▸ Problem to solve
The lines in the listing below are to be given again exactly, starting at the line holding "So Streptococcus bovis, as" and ending at the line holding "Our contributions can". Do not include pictures.

▸ Dataset extract
════════════════════

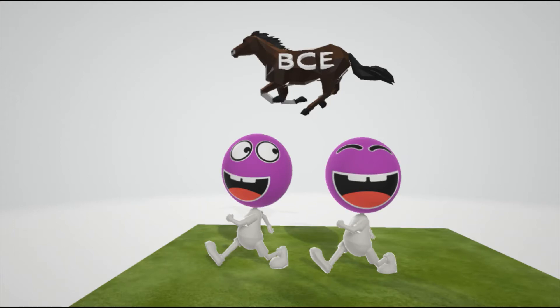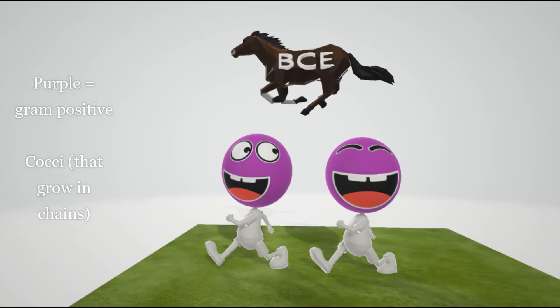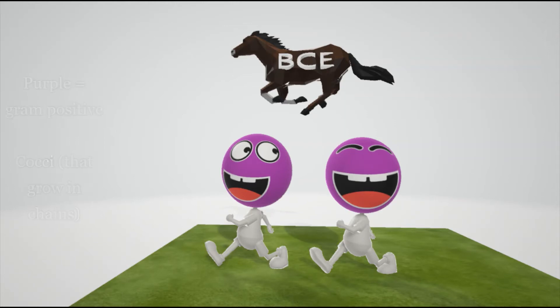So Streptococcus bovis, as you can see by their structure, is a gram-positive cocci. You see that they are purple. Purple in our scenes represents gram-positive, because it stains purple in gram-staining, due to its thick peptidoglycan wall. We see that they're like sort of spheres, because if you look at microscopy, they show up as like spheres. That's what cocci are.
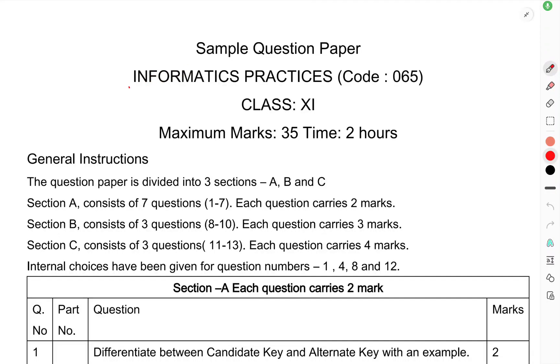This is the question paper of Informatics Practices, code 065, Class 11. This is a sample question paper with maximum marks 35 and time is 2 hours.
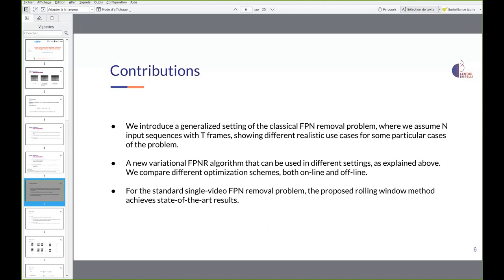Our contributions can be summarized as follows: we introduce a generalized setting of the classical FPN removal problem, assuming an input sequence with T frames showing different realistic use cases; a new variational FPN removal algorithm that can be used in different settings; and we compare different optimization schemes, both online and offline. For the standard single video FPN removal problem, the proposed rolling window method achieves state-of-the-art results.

════════════════════

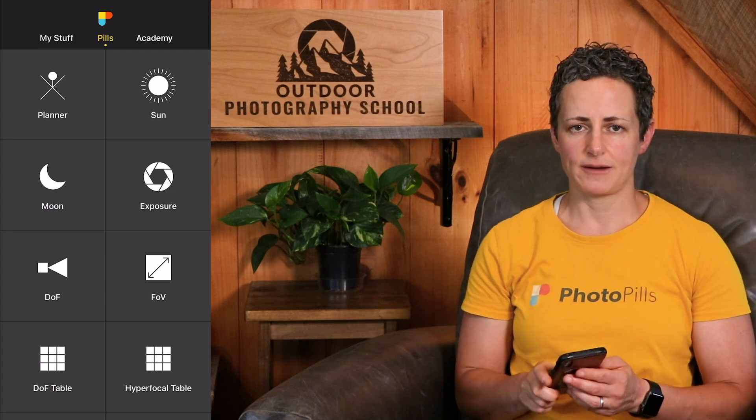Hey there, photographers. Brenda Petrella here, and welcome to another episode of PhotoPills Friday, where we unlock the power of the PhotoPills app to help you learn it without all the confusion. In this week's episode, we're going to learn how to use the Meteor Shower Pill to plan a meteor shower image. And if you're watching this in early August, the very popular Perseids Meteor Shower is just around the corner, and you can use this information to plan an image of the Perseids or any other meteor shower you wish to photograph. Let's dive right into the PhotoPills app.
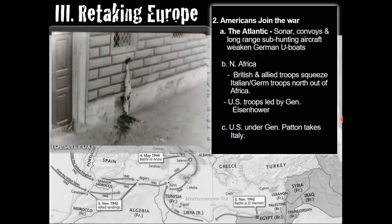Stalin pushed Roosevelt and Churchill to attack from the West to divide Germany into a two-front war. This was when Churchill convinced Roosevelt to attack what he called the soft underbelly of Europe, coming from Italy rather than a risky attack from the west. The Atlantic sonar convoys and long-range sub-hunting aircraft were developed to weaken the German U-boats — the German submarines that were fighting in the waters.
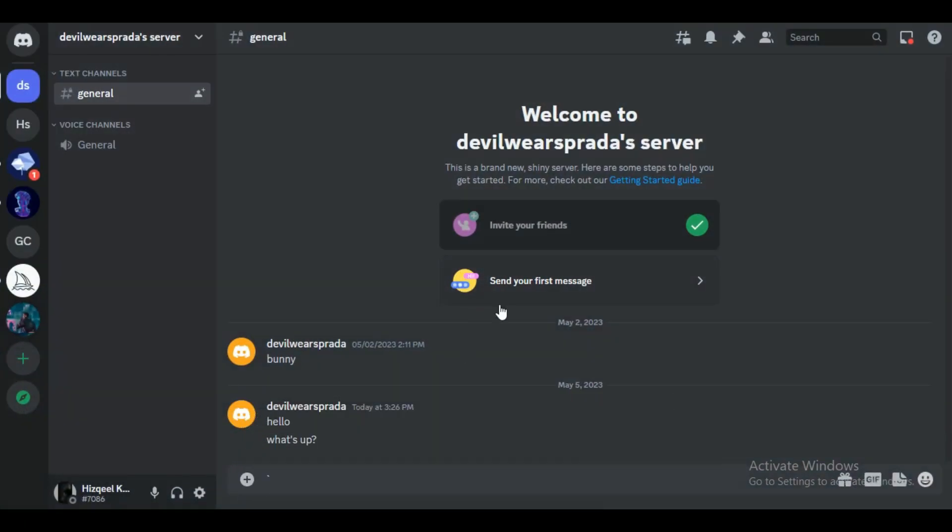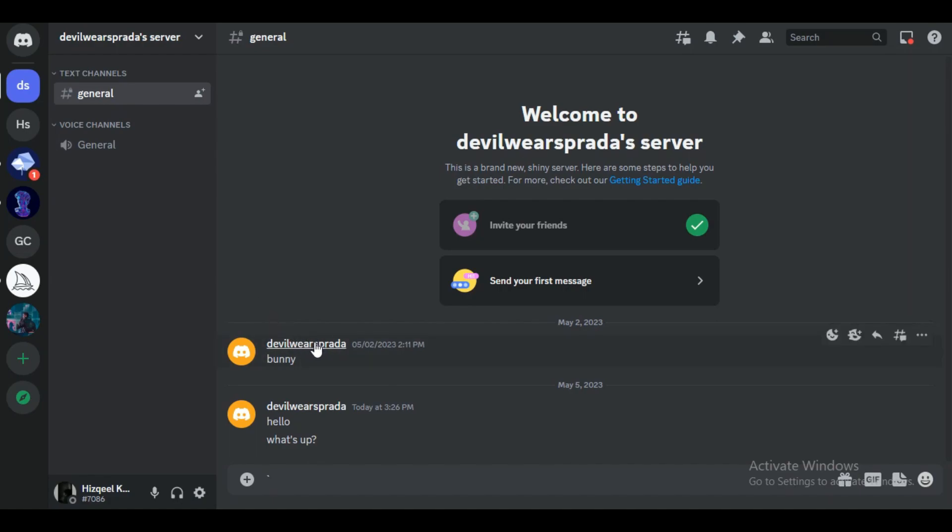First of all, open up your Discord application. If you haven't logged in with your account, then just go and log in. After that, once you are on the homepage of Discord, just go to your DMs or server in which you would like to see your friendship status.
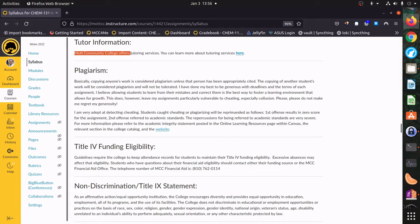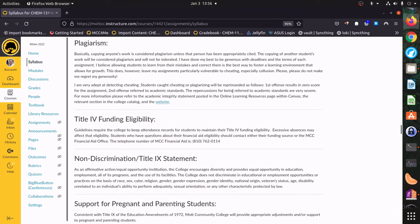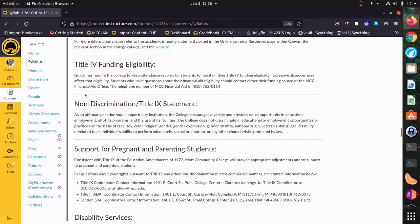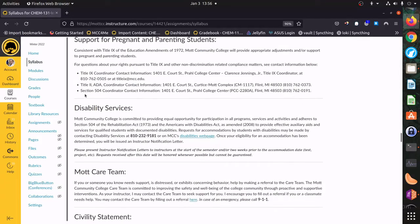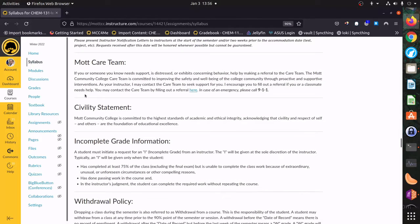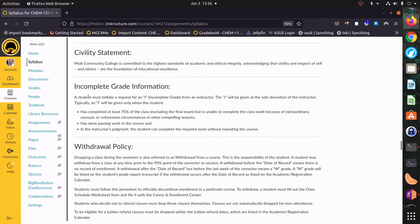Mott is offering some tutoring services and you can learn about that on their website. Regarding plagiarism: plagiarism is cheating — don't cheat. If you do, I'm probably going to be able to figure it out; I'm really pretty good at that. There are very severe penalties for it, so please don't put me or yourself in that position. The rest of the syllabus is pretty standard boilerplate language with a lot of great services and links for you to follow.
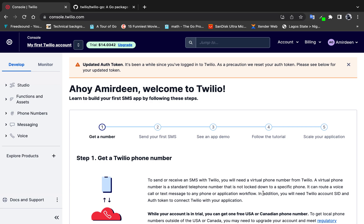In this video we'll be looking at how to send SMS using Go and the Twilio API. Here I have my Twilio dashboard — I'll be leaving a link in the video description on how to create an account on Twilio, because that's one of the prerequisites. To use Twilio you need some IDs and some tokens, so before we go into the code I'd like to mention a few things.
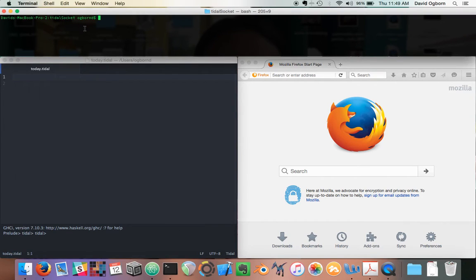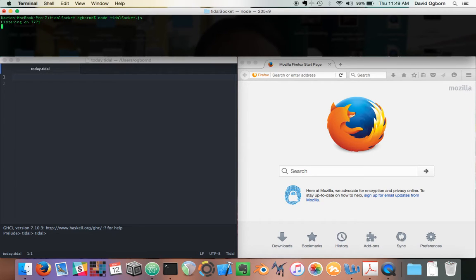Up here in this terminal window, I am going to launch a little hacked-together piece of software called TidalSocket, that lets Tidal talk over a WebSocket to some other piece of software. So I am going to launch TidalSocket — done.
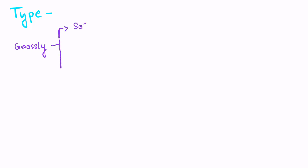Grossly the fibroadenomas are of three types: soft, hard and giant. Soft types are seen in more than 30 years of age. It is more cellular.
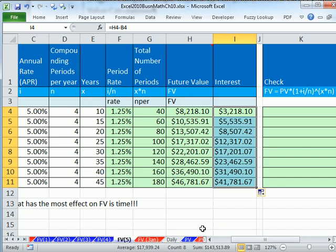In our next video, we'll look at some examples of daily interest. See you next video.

════════════════════

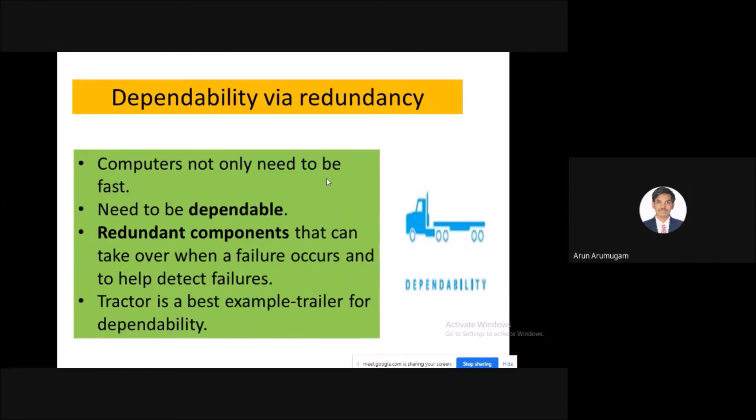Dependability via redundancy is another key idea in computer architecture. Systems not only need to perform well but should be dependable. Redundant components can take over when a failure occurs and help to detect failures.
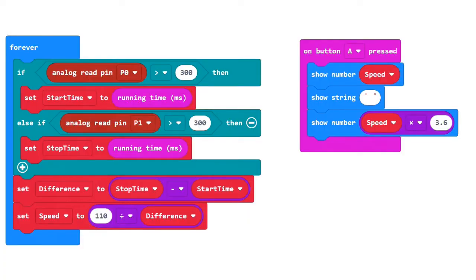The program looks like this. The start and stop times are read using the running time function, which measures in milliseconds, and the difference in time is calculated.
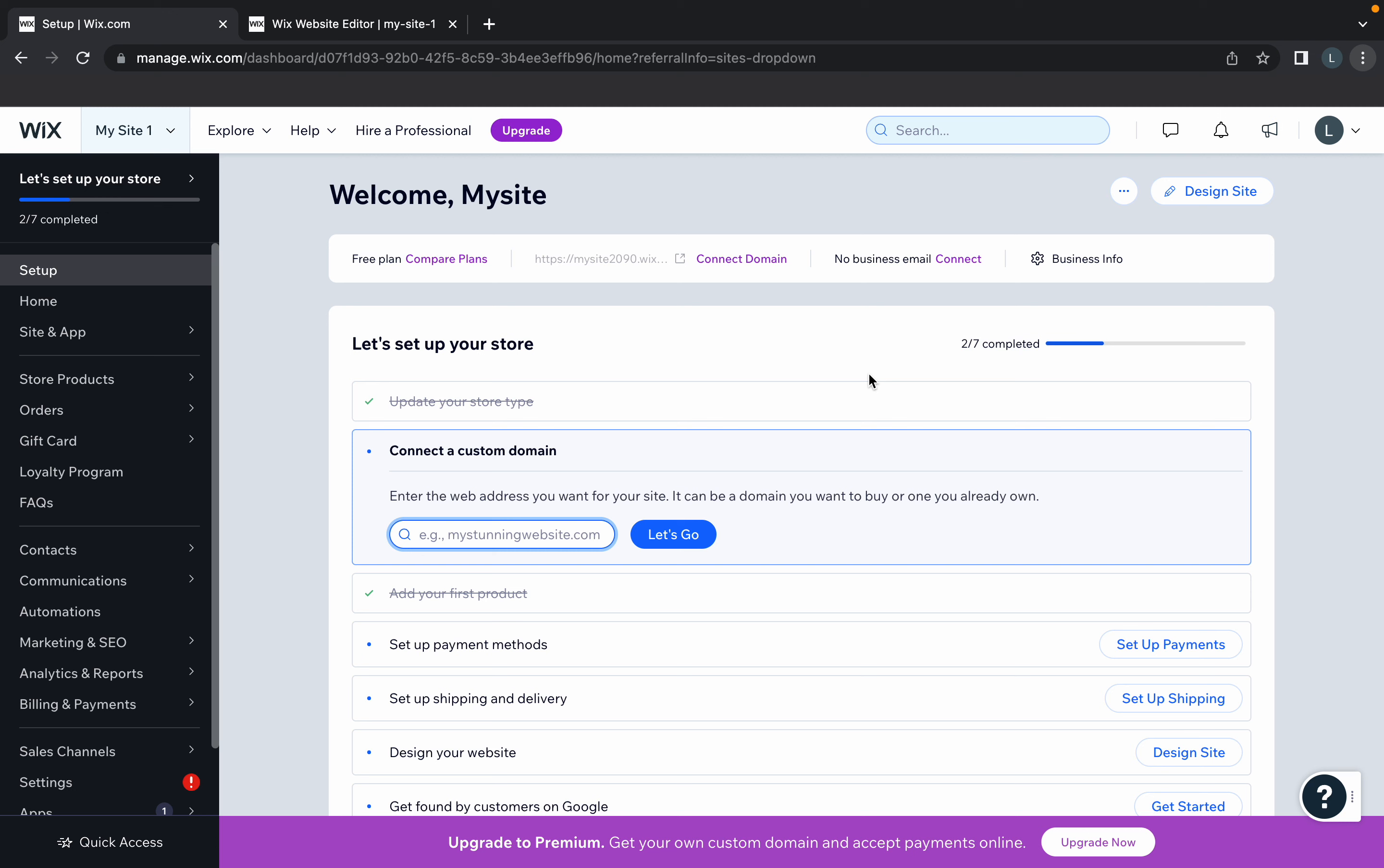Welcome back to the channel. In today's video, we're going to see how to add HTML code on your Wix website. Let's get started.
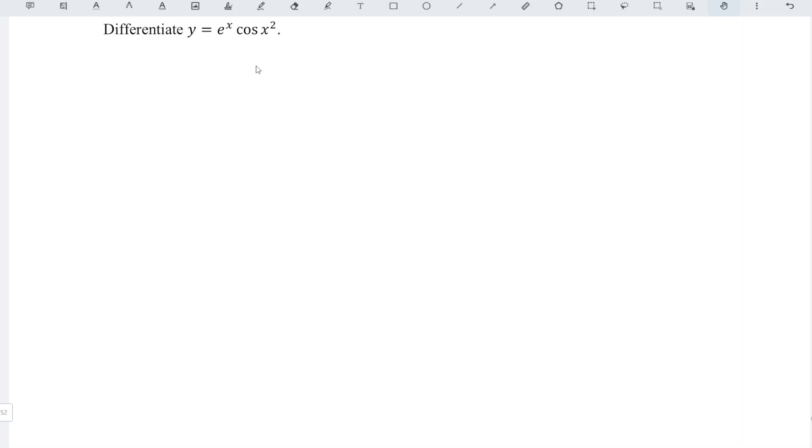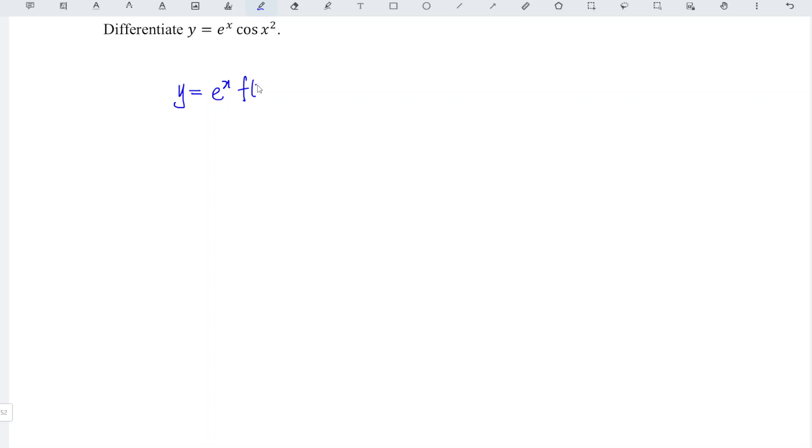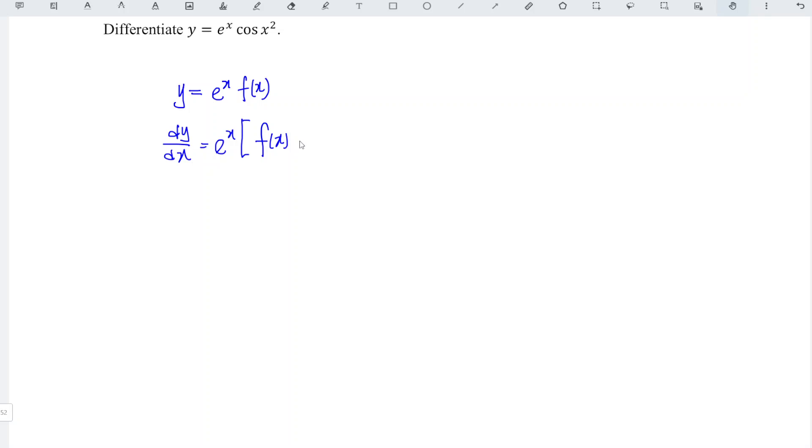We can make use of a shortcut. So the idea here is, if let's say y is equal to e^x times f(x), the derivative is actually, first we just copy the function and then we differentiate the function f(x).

════════════════════

▸ Response box
So Streptococcus bovis, as you can see by their structure, is a gram-positive cocci. You see that they are purple. Purple in our scenes represents gram-positive, because it stains purple in gram-staining, due to its thick peptidoglycan wall. We see that they're like sort of spheres, because if you look at microscopy, they show up as like spheres. That's what cocci are.
This is the question paper of Informatics Practices, code 065, Class 11. This is a sample question paper with maximum marks 35 and time is 2 hours.
Our contributions can be summarized as follows: we introduce a generalized setting of the classical FPN removal problem, assuming an input sequence with T frames showing different realistic use cases; a new variational FPN removal algorithm that can be used in different settings; and we compare different optimization schemes, both online and offline. For the standard single video FPN removal problem, the proposed rolling window method achieves state-of-the-art results.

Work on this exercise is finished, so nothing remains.